Figure 6. Overexpression of Phosphoenolpyruvate Carboxykinase 1 Boosts Ca2+-NFAT Signaling and Tumoricidal Activities of Tumor-Specific CD4+ T Cells.

(A) Illustration of the metabolic function of PCK1 in converting OAA to PEP.

(B–D) CD4+ T cells were transduced with control (Ctrl) or PCK-1 overexpressing (PCK1-OE) RVs. (B) Intracellular PEP levels were measured after culturing the RV-transduced cells for 1 hr in the indicated conditions using a fluorescence-based assay. (C) Intracellular Ca²⁺ levels were measured in the transduced CD4⁺ T cells cultured in 10 mM or 0.1 mM glucose before and after activation with ionomycin.

(D) The cytoplasmic versus nuclear distribution of NFAT1 was determined in the RV-transduced CD4⁺ T cells stimulated with ionomycin in 10 mM glucose or 0.1 mM glucose for 10 min by Amnis Imagestream as described in Figure 5G.

(E–H) Melanoma-specific Trp-1⁺ CD4⁺ T cells transduced with Ctrl or PCK-1-OE RVs were adoptively transferred into B16 melanoma-bearing mice. (E and F) Three days later, the donor Trp-1⁺ CD4⁺ T cells (E) or TAMs (F) were isolated from the indicated tissues and analyzed for expression of the indicated proteins by flow cytometry. Rates of tumor growth (G) and animal survival (H) were determined over time.

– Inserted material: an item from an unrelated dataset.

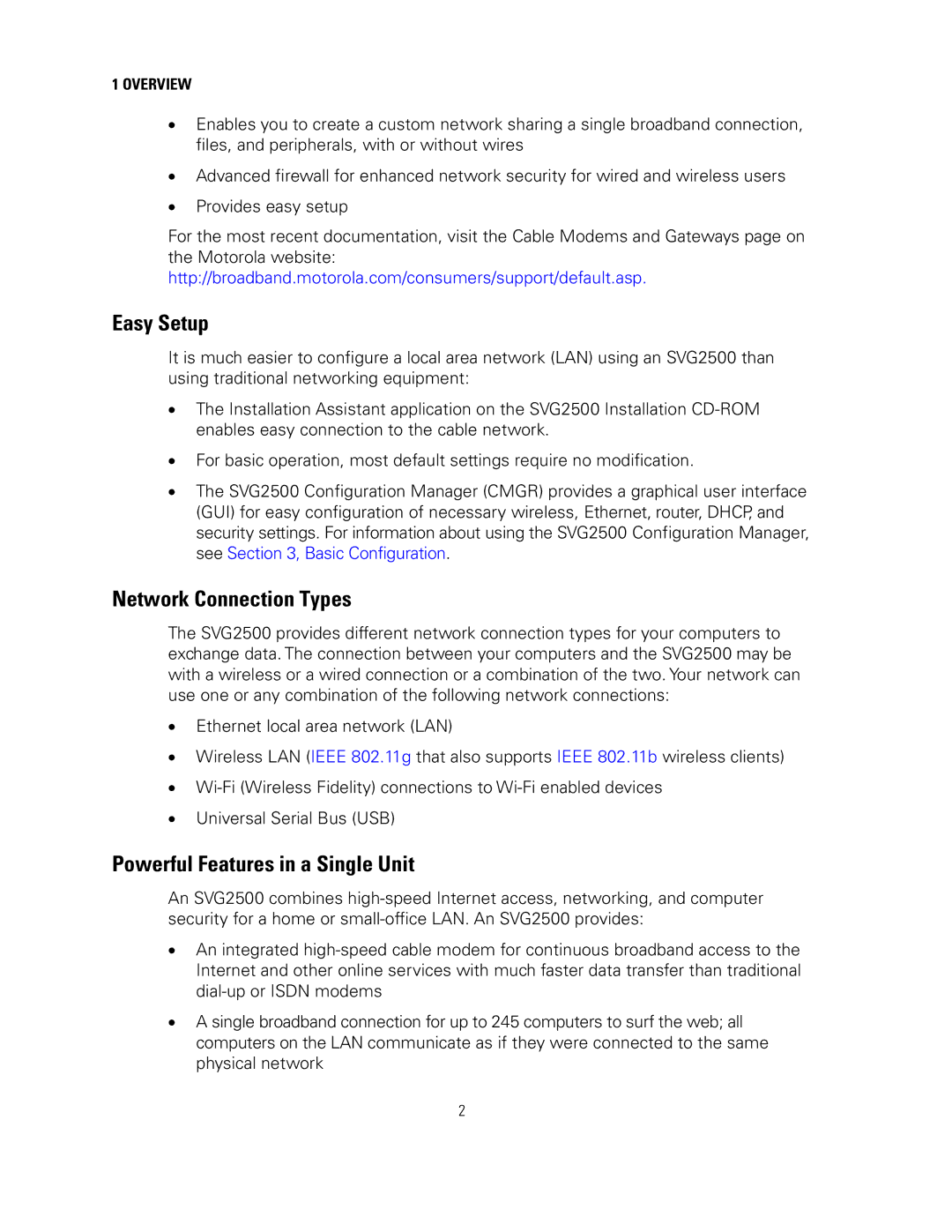 Motorola SVG2500 manual Easy Setup, Network Connection Types, Powerful Features in a Single Unit, Overview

Data shown are representative of two (D) and three (C) independent experiments or cumulative of two (F) (n = 2–3 mice/group/experiment), three (B, E) (n = 2–3 mice/group/experiment), and four (G and H) independent experiments (n = 3–4 mice/group/experiment). Data are expressed as mean ± SD (B and F) or mean ± SEM (E) and *p < 0.05 by unpaired Student's t test.